** Opening Listed entries block **

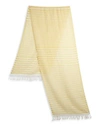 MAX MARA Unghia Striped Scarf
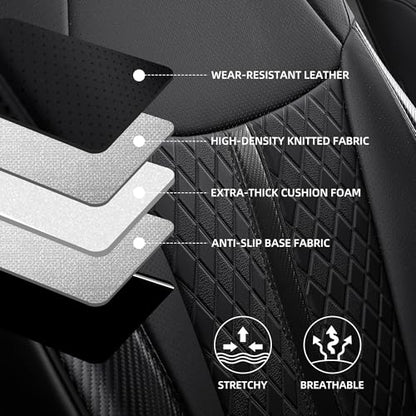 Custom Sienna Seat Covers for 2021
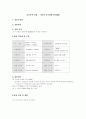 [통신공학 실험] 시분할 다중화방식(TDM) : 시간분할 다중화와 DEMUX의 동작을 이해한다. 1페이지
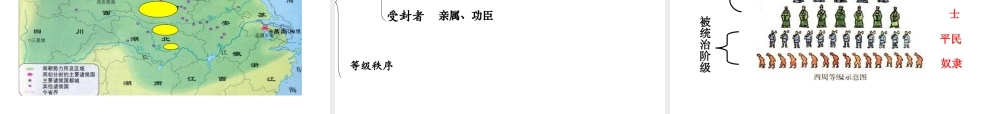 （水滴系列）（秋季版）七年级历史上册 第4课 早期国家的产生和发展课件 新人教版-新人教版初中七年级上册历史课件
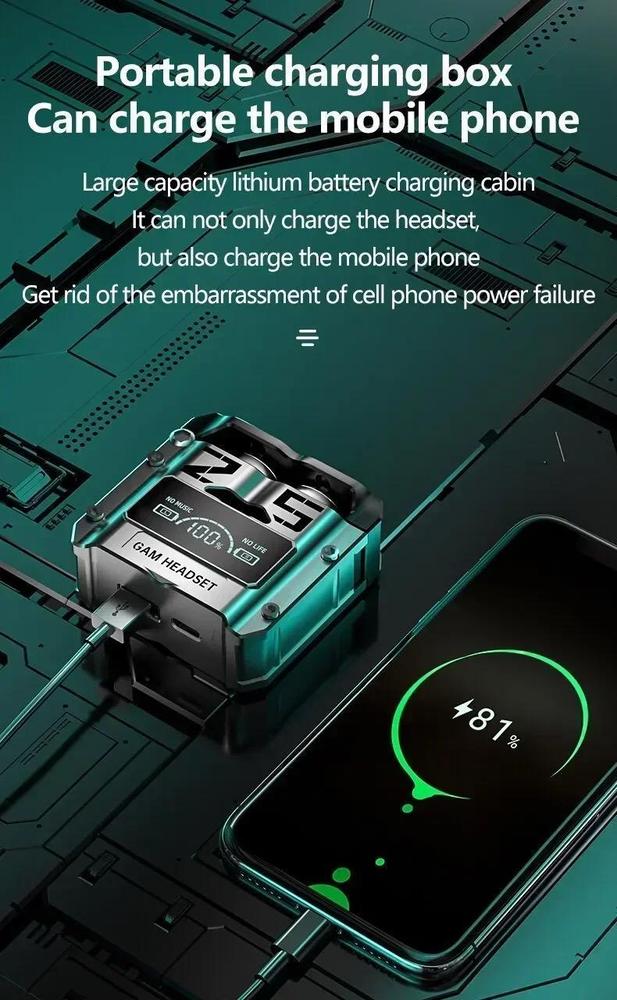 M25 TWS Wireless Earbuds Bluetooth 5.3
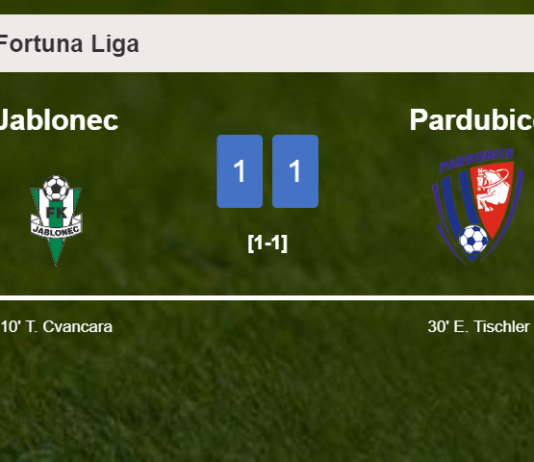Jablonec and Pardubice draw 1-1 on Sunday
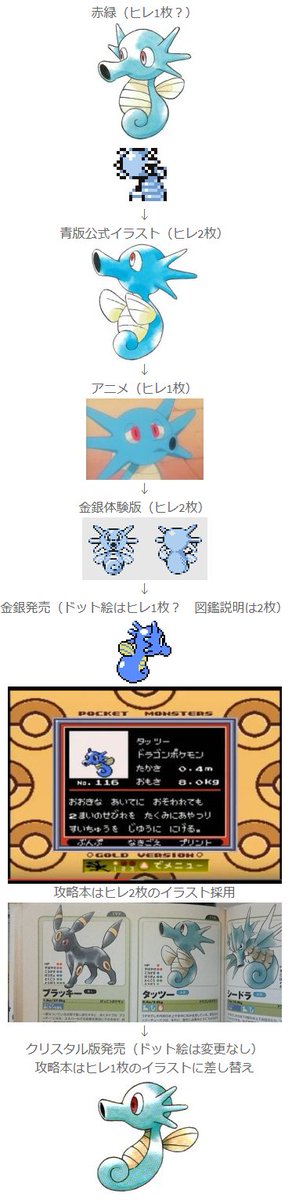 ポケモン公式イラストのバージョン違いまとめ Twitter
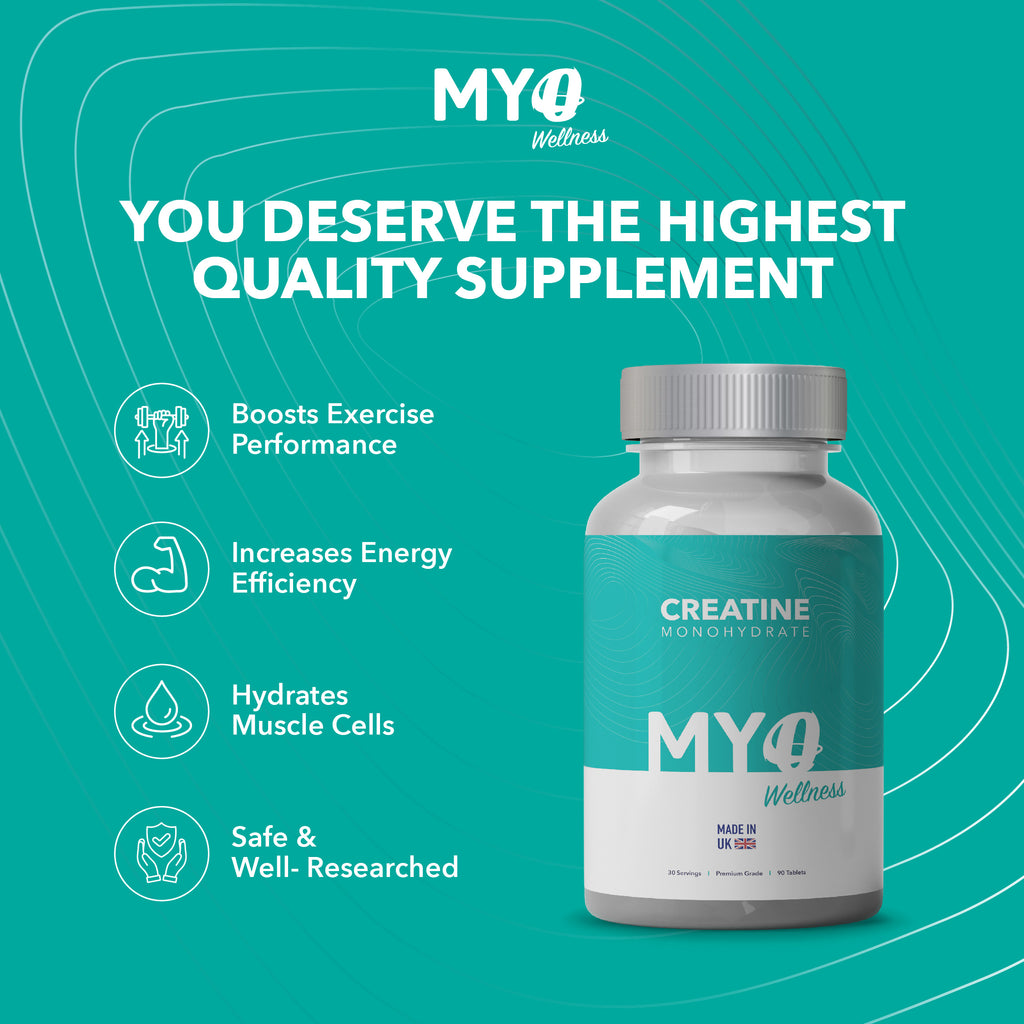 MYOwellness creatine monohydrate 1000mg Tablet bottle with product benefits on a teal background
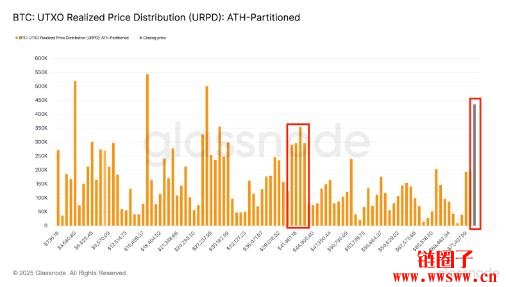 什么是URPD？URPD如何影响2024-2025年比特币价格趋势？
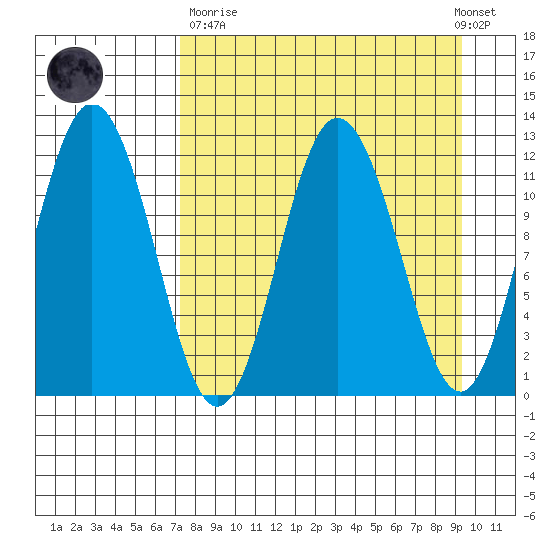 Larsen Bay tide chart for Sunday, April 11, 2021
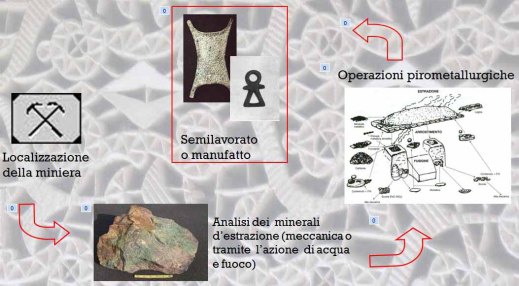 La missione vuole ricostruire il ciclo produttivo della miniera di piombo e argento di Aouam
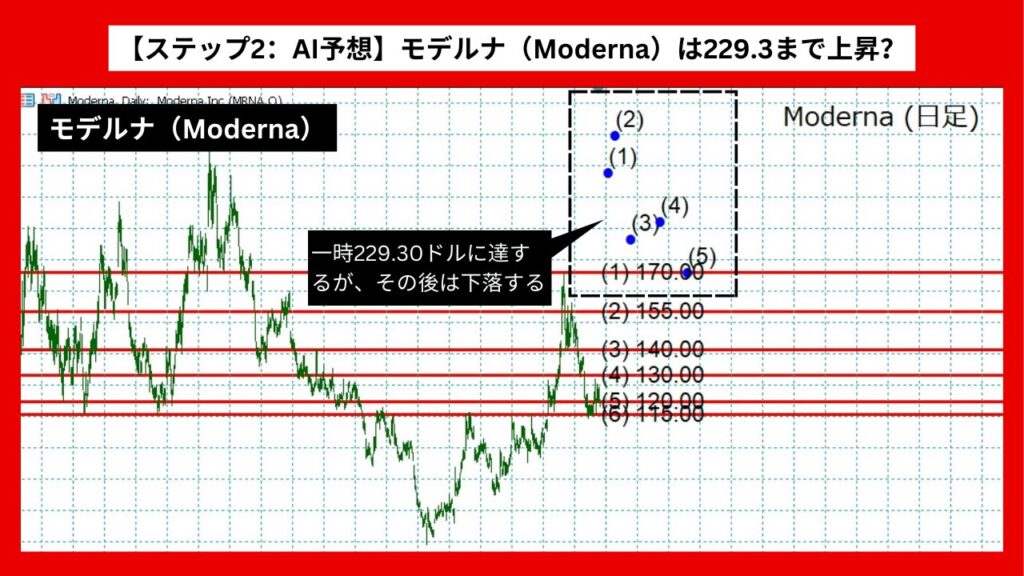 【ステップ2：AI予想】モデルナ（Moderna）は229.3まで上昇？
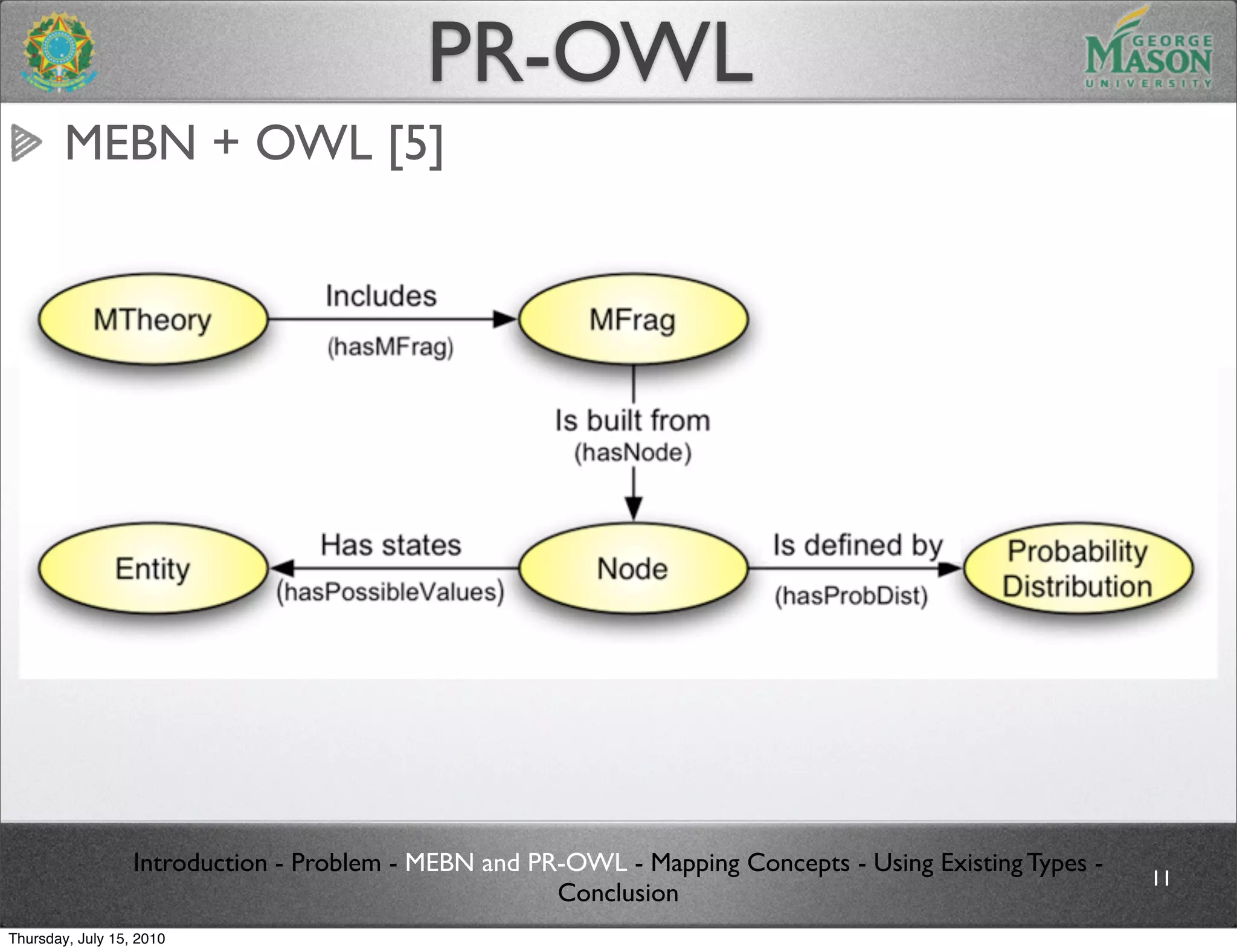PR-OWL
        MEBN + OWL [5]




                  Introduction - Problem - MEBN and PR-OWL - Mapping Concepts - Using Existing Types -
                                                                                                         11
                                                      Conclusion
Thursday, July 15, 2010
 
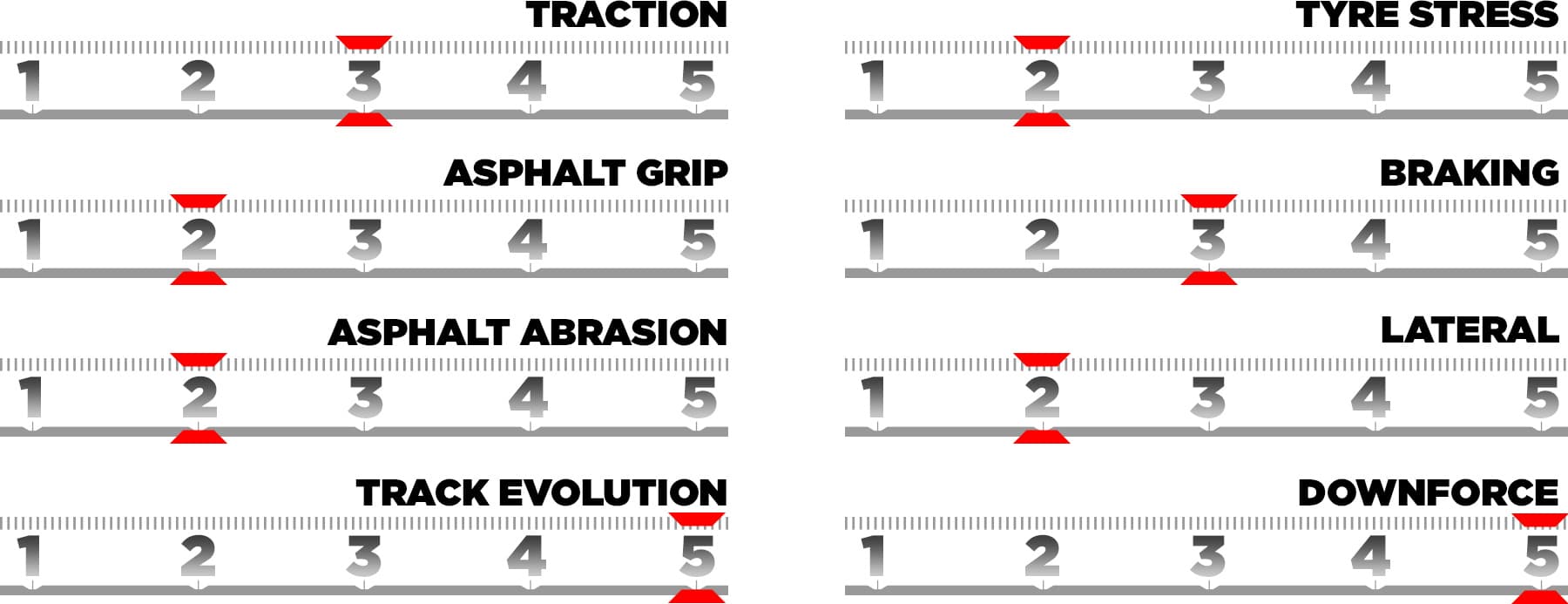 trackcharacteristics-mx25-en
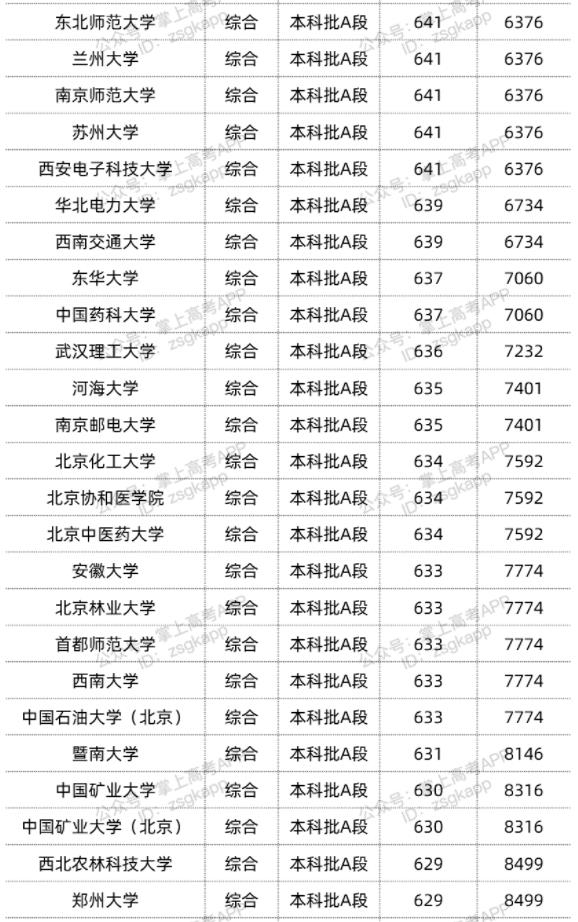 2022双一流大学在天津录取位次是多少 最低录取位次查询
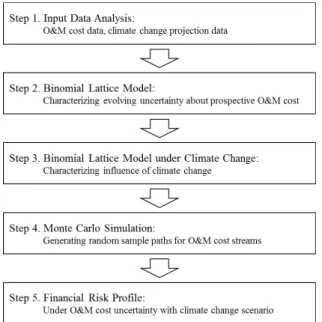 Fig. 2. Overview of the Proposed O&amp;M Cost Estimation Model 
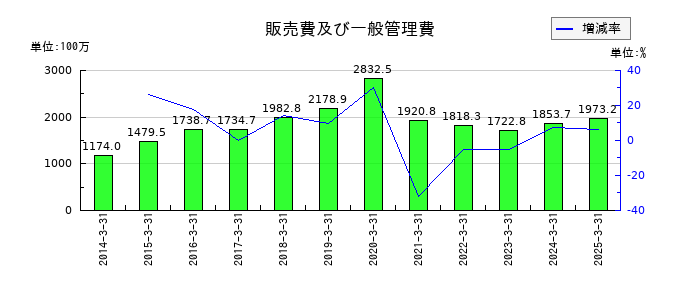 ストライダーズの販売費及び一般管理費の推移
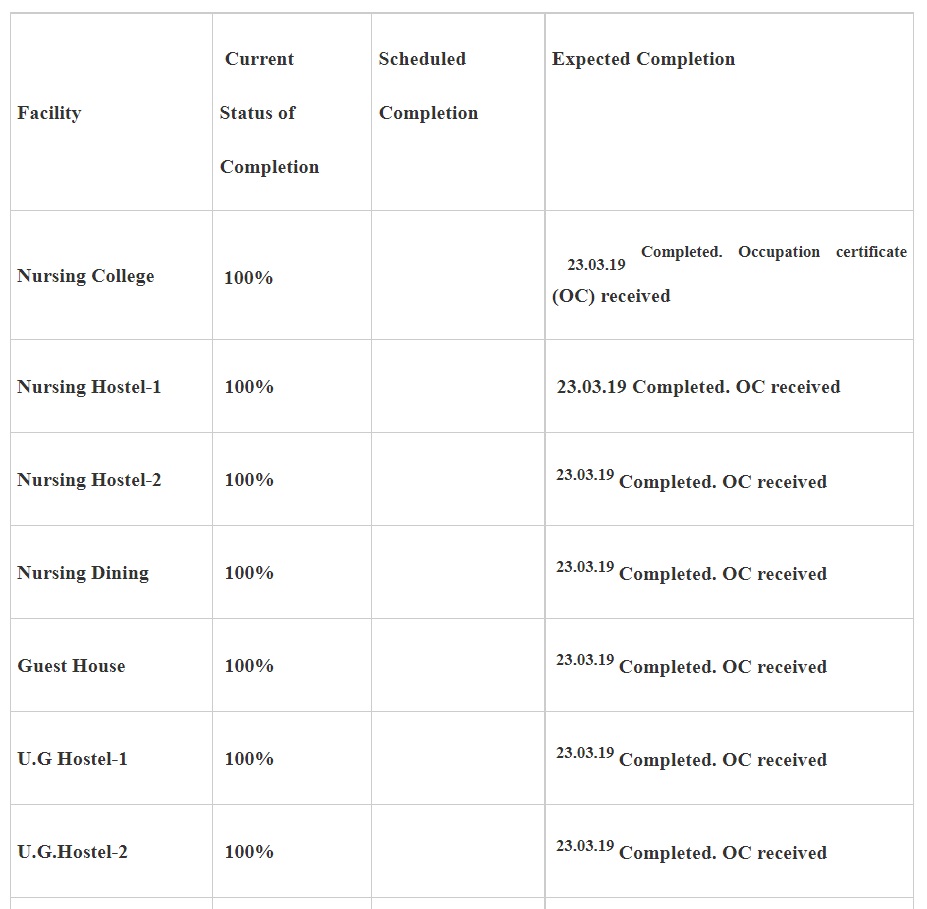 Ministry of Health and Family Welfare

** Closing Listed entries block **

§ Task item
I need the number of lines in the entries that include "MEBN"; please give that number and nothing else.

§ Response
2